Broccoli Chicken Stuffed (Print Version)

# Ingredients:

→ Chicken

01 - 3 tablespoons chicken broth (low sodium)
02 - 4 medium-sized chicken breasts
03 - 1 tablespoon olive oil

→ Spice Rub

04 - ½ teaspoon black pepper
05 - ½ teaspoon onion powder
06 - ½ teaspoon paprika
07 - 1 teaspoon garlic powder
08 - 1 teaspoon salt

→ Filling

09 - 5 oz cream cheese, softened
10 - 1 generous packed cup (4 oz) sharp cheddar, freshly shredded
11 - 1 cup broccoli florets, chopped small
12 - ¼ cup bacon, cooked and chopped
13 - ½ teaspoon dried chives
14 - ½ cup diced red bell pepper, finely chopped
15 - ½ teaspoon dried parsley
16 - ¼ teaspoon optional dried dill

# Instructions:

01 - Set oven temperature to 375°F and let it heat up.
02 - Cook broccoli in the microwave with 2 tablespoons of water for 2 minutes, then strain it.
03 - Stir together spice rub in a small dish, saving 1 teaspoon to mix into the stuffing ingredients. Blend the cream cheese mix well, then gently add the broccoli.
04 - Wrap chicken in plastic and pound it until tender.

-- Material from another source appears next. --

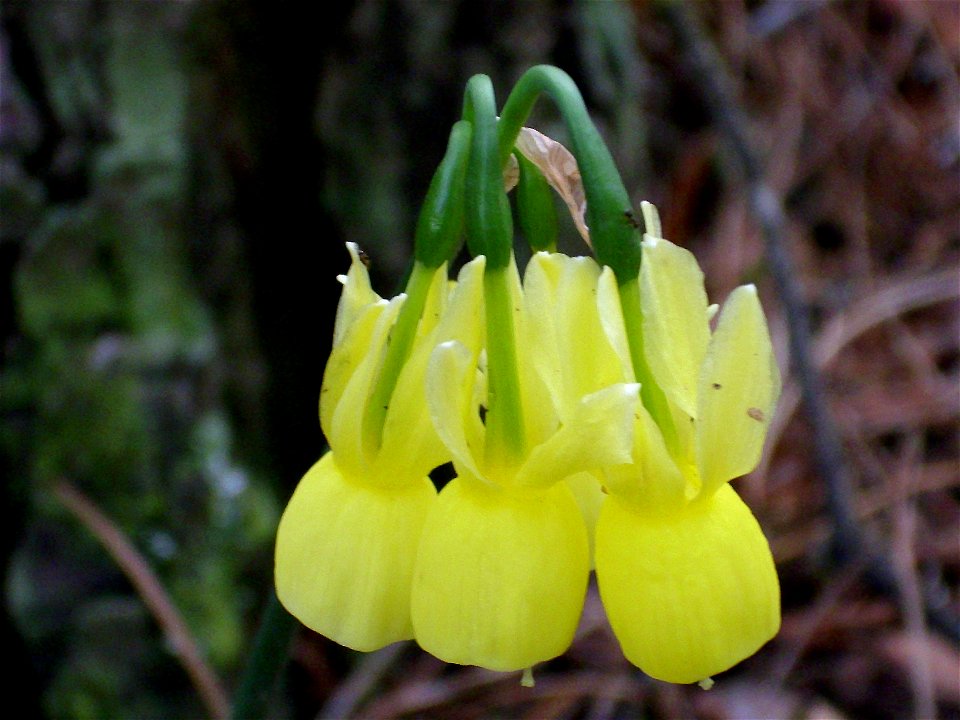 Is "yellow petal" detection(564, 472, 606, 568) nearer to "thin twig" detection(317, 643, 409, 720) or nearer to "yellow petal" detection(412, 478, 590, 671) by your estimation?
"yellow petal" detection(412, 478, 590, 671)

Use paper towels to dry it off.
05 - Carefully cut into the thicker side of each breast, stopping before slicing through to make a deep pocket.
06 - Spoon the filling into each pocket. Use toothpicks to hold them together if they’re not staying closed.
07 - Sprinkle the remaining spice rub across both sides of the chicken breasts.
08 - Heat up a cast iron skillet on medium-high. Add oil, then brown the chicken for 2-3 minutes per side till golden.
09 - Lay all the chicken back in the skillet, pour in the chicken broth, cover it with foil, and bake for 12-17 minutes. Make sure the insides reach 160°F.
10 - Let the chicken sit for 5 minutes to get up to 165°F before digging in.

# Notes:

01 - You can prep this a day in advance.
02 - Bake the bacon while handling the chicken.